Bulimia. Bulimia involves a destructive cycle of bingeing and purging. Following an episode of out-of-control binge eating, people with bulimia take drastic steps to purge themselves of the extra calories. In order to avoid weight gain they vomit, exercise to excess, fast, or take laxatives.
Binge Eating Disorder. People with binge eating disorder compulsively overeat, rapidly consuming thousands of calories in a short period of time. Despite feelings of guilt and shame over these secret binges, they feel unable to control their behavior or stop eating even when uncomfortably full.

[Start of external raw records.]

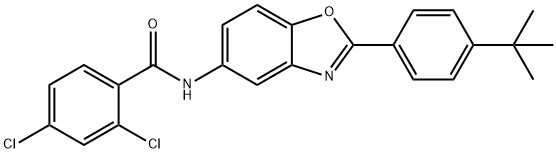 N-[2-(4-tert-butylphenyl)-1,3-benzoxazol-5-yl]-2,4-dichlorobenzamide 结构式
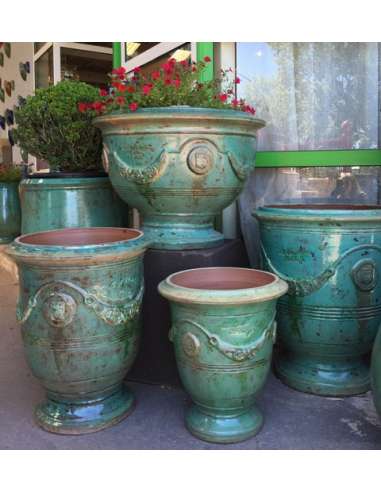 Vase d'Anduze patine émeraude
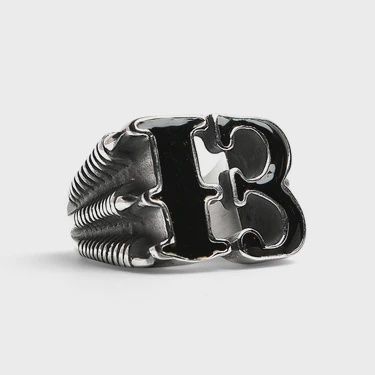 Black Gothic "13" Dragon Claw Signet Ring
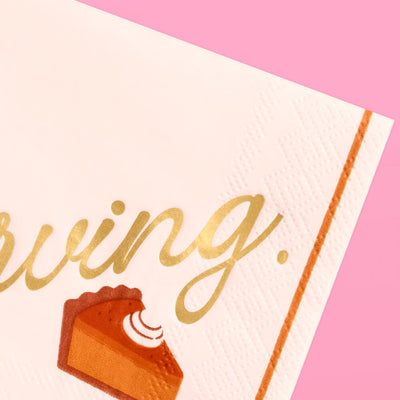 Serving Pie Napkins - gold foil cocktail napkins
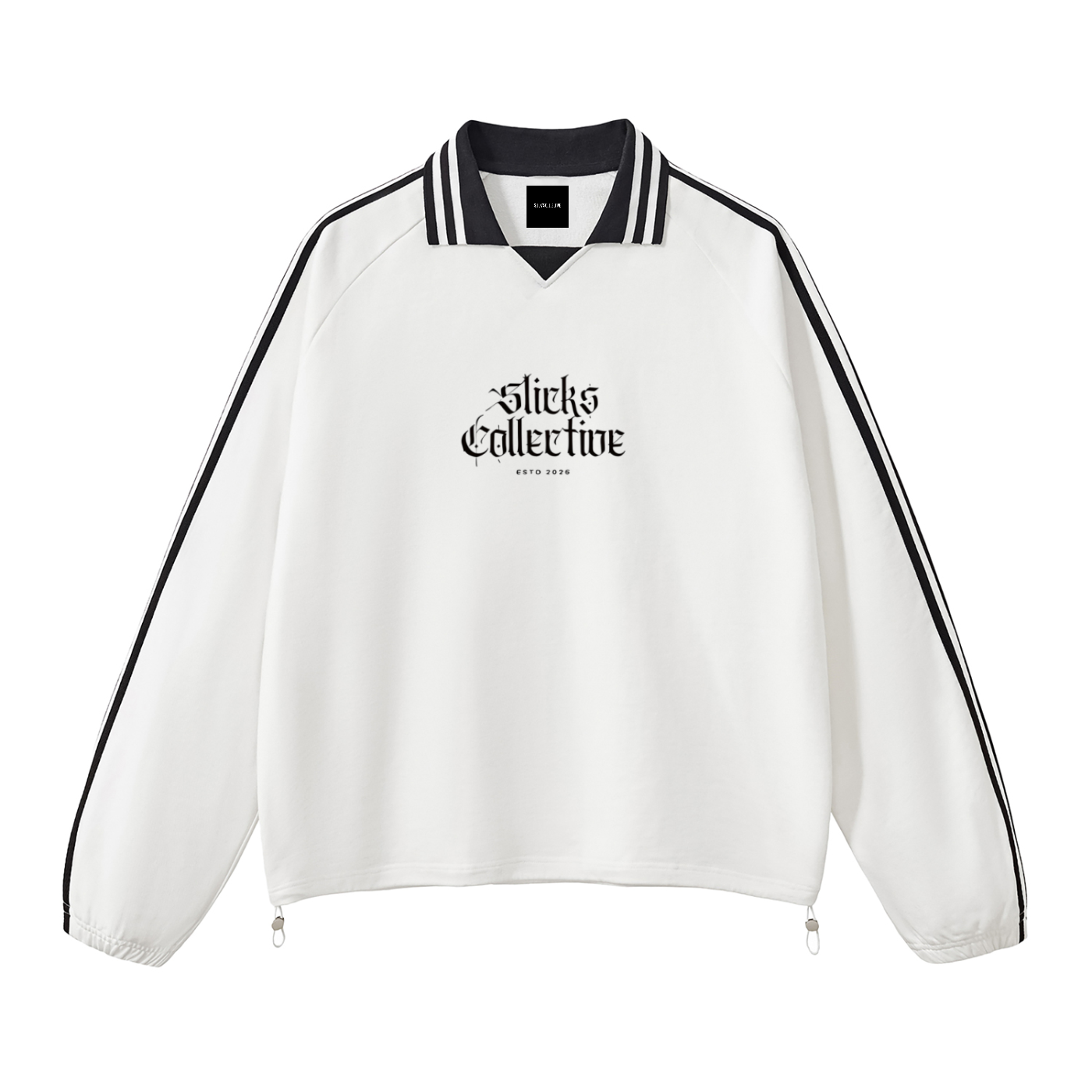 Contrast Striped Lapel Collar Sweatshirt - *Signature*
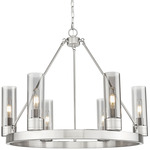Boreas Chandelier - Satin Nickel / Light Smoke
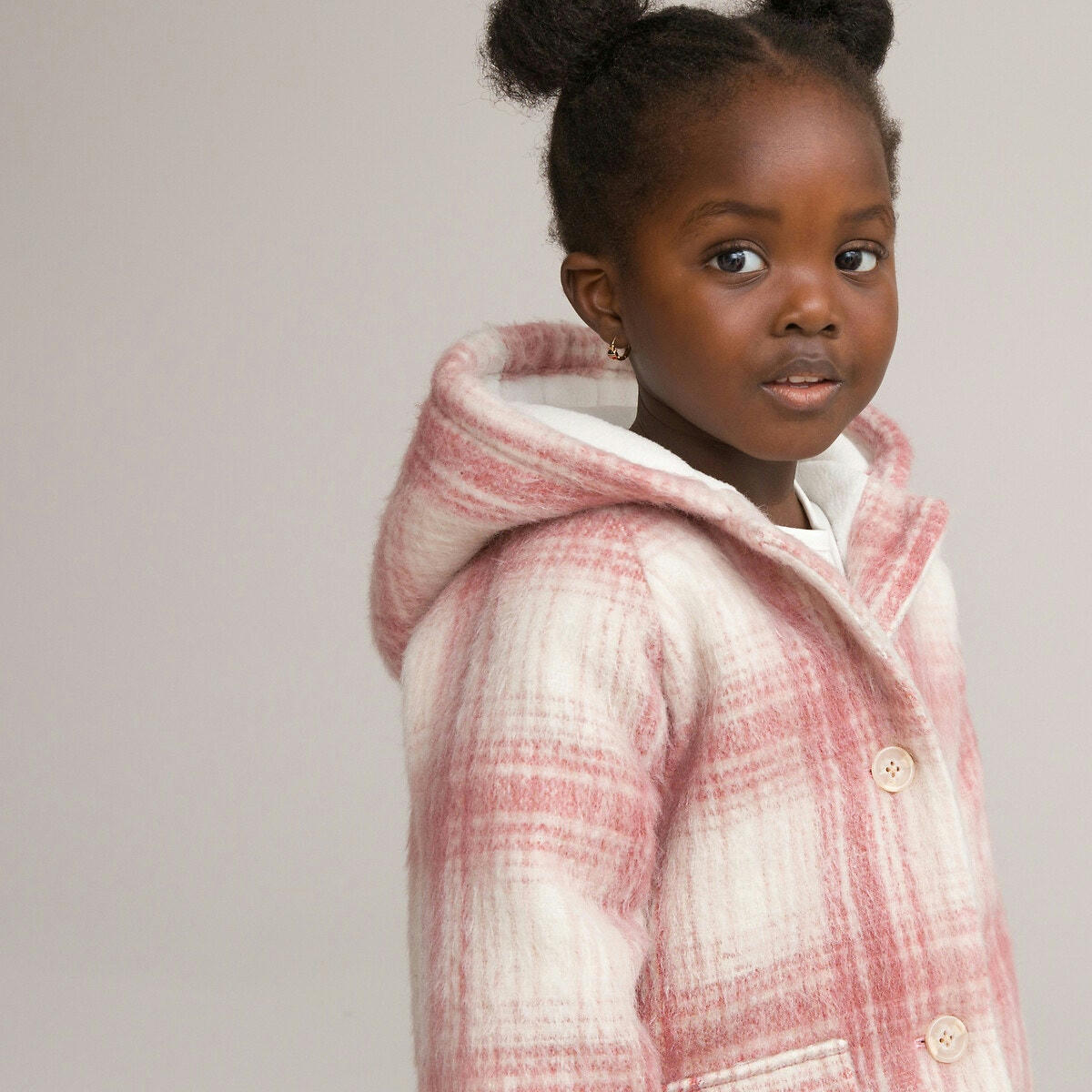 Manteau chaud à capuche et à carreaux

Eating Disorders: Helping A Friend
Being a friend to someone with an eating disorder can sometimes be very challenging. It is normal to feel frustrated, worried and scared for your friend, especially if s/he isnt able to admit that there is a serious problem. Being secretive about eating and exercising is a common characteristic of an individual with an eating disorder, and you may feel that you have to watch over your friend to make sure s/he is taking care of her/himself. The truth is that you have very limited influence on your friends eating habits, and it is ultimately her/his decision about what and how s/he eats. This is not to say that you should give up on or reject your friend who has an eating disorder. People who have sought treatment for an eating disorder often emphasize how important the ongoing support of their friends and family was to their eventual recovery. They say that having friends who both continued to believe in them, and also to relate to them beyond just their eating disorder was crucial in their taking steps toward health.